By Kashyap Arora
Edited by Sanchita Malhotra, Associate Editor, The Indian Economist
The formation of the BRICS nations, which have often been mocked by some as an impractical concept, have finally shown some strength and progress in the form of the commitment of its member nations towards formation of a “New Development Bank (NDB)”, formerly referred to as the BRICS Development Bank. The bank comes with an initial subscribe capital of $50 million, which will be shared equally among the BRICS nations.
The fund which will consist of $10 billion of “paid in capital” ($2 billion from each member to be provided over seven years) and an additional $40 billion to be “paid upon request”, has been set up primarily for funding infrastructure and sustainable development projects in the BRICS countries, and will also be subsequently open to other economies for membership and borrowing purposes, however, with the capital share of the BRICS nations always remaining at least 55% or above. Furthermore, the capital made by the bank would be shared evenly between the BRICS nations. The bank will also take advantage of the booming green bonds market, where Germany has just committed a further €750 million (£594m) to the fund.
In addition to the above, the BRICS nations have also created a $100 billion Contingent Reserve Arrangement (CRA), which will be funded 41% by China, 18% each by Brazil, India, and Russia, and 5% by South Africa. The CRA will be used for providing additional liquidity to the member nations during balance of payment problems. One fact worth noting is the planned initial contribution from China to the new bank being only a slightly less than its paid in capital at the World Bank, and the other BRICS nations planned contribution being more than what they do at the World bank.

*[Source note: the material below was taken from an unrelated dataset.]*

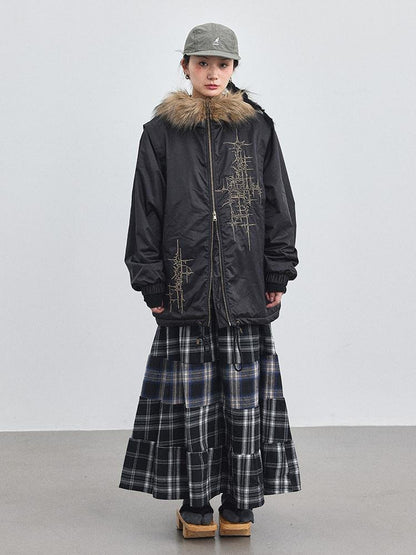 Achihara Stellar Quilted Nylon Parka With Fur Trim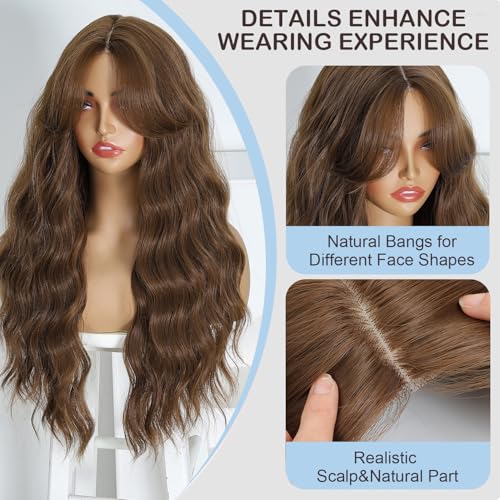 Highlight Brown Synthetic Wavy Wig with Curtain Bangs for Women - Natural Body Wave, 4x2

Factors triggering the formation of New Development Bank (NDB):
The two major factors contributing towards the formation of the NDB comprise firstly of the emergence of the BRICS nations as a big economic power, with its solidified trade and commerce ties with the emerging market economies and developing countries (EMDCs), and secondly the growing dissatisfaction towards the Bretton-Woods institutions. Some crucial objections placed towards the Bretton-Woods institutions comprise of the lack of equitable structures, numerous layers of obligations for the borrowers going further beyond the financial obligations for repayment and economic restructuring, and its use by the Westernized international community to promote spreading of a vision consistent with its values.
Contrary to the Bretton-Woods institutions the BRICS nations have adopted an equitable structure of ‘one-nation one-vote’ for its “New Development Bank (NDB)”, and has also proposed to provide assistance to other economies suffering from volatility due to United States’ exit from its expansionary monetary policy through its bank. Furthermore, initiatives similar to BRICS-sponsored development bank have sprung up in the past mostly due to growing dissatisfaction with the might and influence of Bretton-Woods twin institutions, some of the prime examples of such institutions are the Development Bank of Latin America (created by Andean nations) in the 60s, the Chiang Mai Initiative in early 2000 (of 10 ASEAN nations plus China, South Korea and Japan, and the latest establishment of the Bank of South by Latin American countries in 2009.
Thus, the New Development Bank comes at a time when reforms at the Bretton-Woods institutions having proved to be largely ineffective and the U.S. and European nations have shown reluctance towards BRICS nations becoming more powerful in the governance structure of the Bretton-Woods twin. However, it is still early days for the BRICS sponsored Development Bank and it is imperative for its member nations to put in place a conflict resolution mechanism along with an effective supervisory regime and a proper credit appraisal mechanism. One thing which is for sure though is that the existence of a new lending option in form of the NDB, will definitely lead to softening or reduction of the conditionality requirements put forward by development banks including the World Bank, a changes which will also slow down the development prospects of people in emerging economies.
An economist from University of Warwick, Kashyap is an avid reader, writer, and tactician with a real zeal for economics and finance. He has also professionally represented and worked for some of the most prestigious organizations such as Standard and Poor, and HDFC. It is his passion which drew him towards “The Indian Economist”, where he aims to study aspects of Indian economic and polity scenario from a different perspective and derive more involvement from his readers, thus, laying down the foundation for a highly aware future generation.